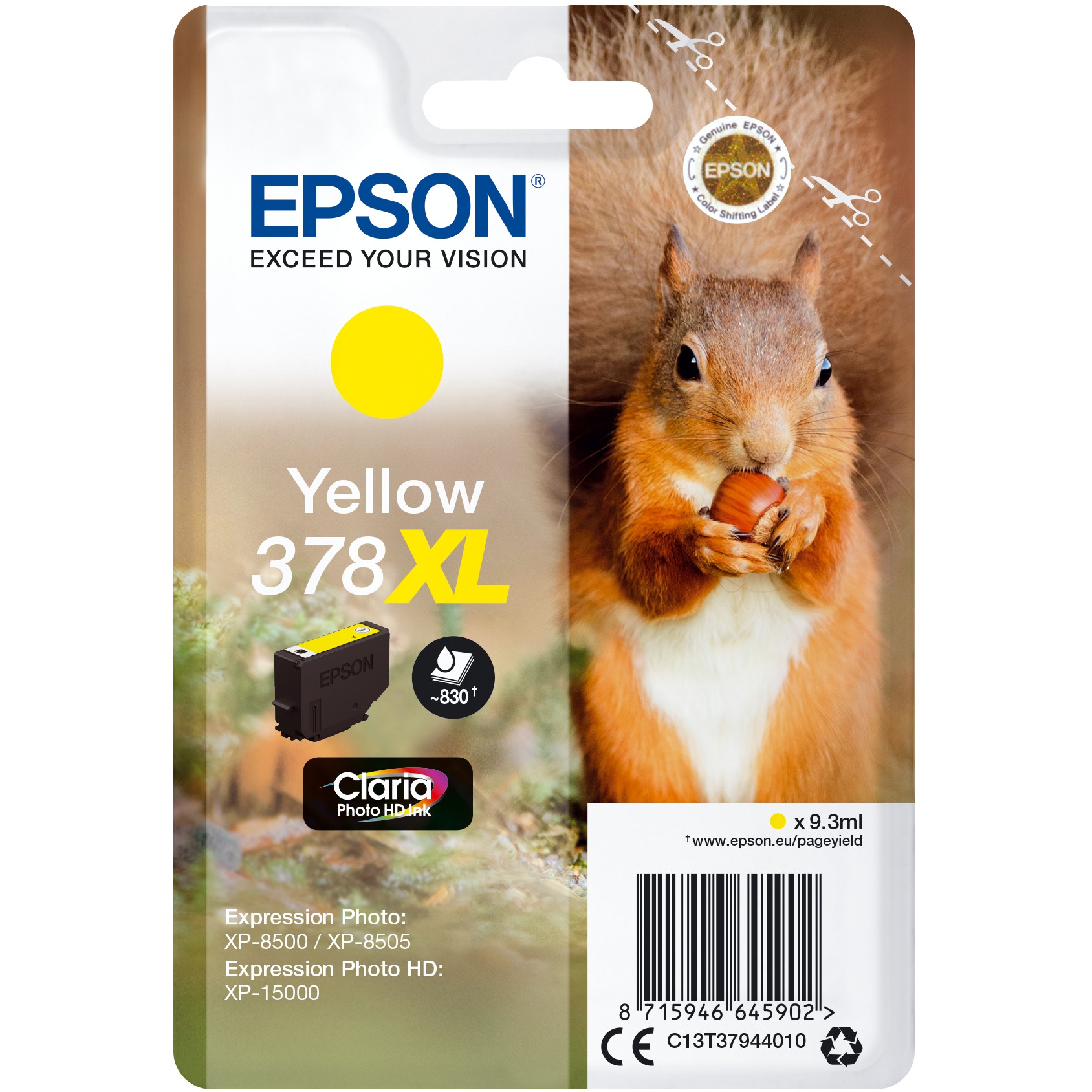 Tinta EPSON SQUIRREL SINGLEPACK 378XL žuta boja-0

...

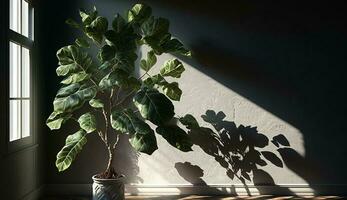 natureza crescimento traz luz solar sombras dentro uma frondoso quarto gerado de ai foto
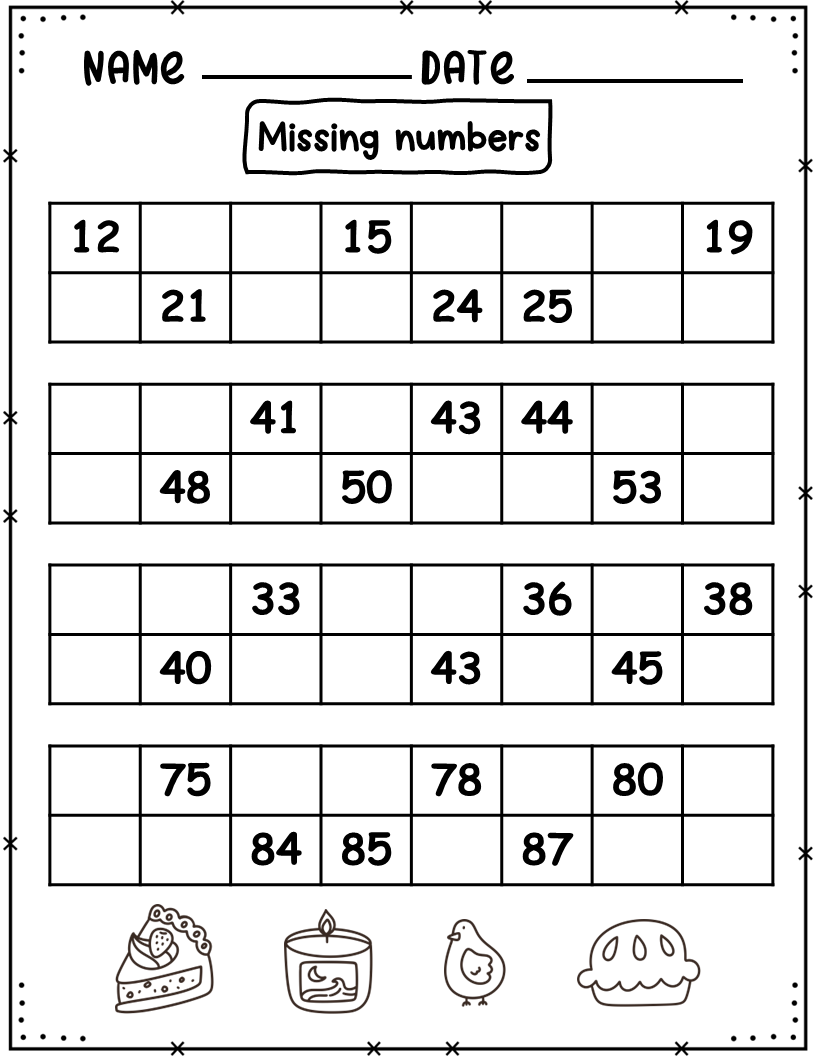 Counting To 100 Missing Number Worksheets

Your task. Using the data above, print only the lines starting at the one with "natureza crescimento traz" and ending at the one with "Counting To 100 Missing Number Worksheets", exactly as they stand, minus the pictures.

Response area.
 natureza crescimento traz luz solar sombras dentro uma frondoso quarto gerado de ai foto
 Counting To 100 Missing Number Worksheets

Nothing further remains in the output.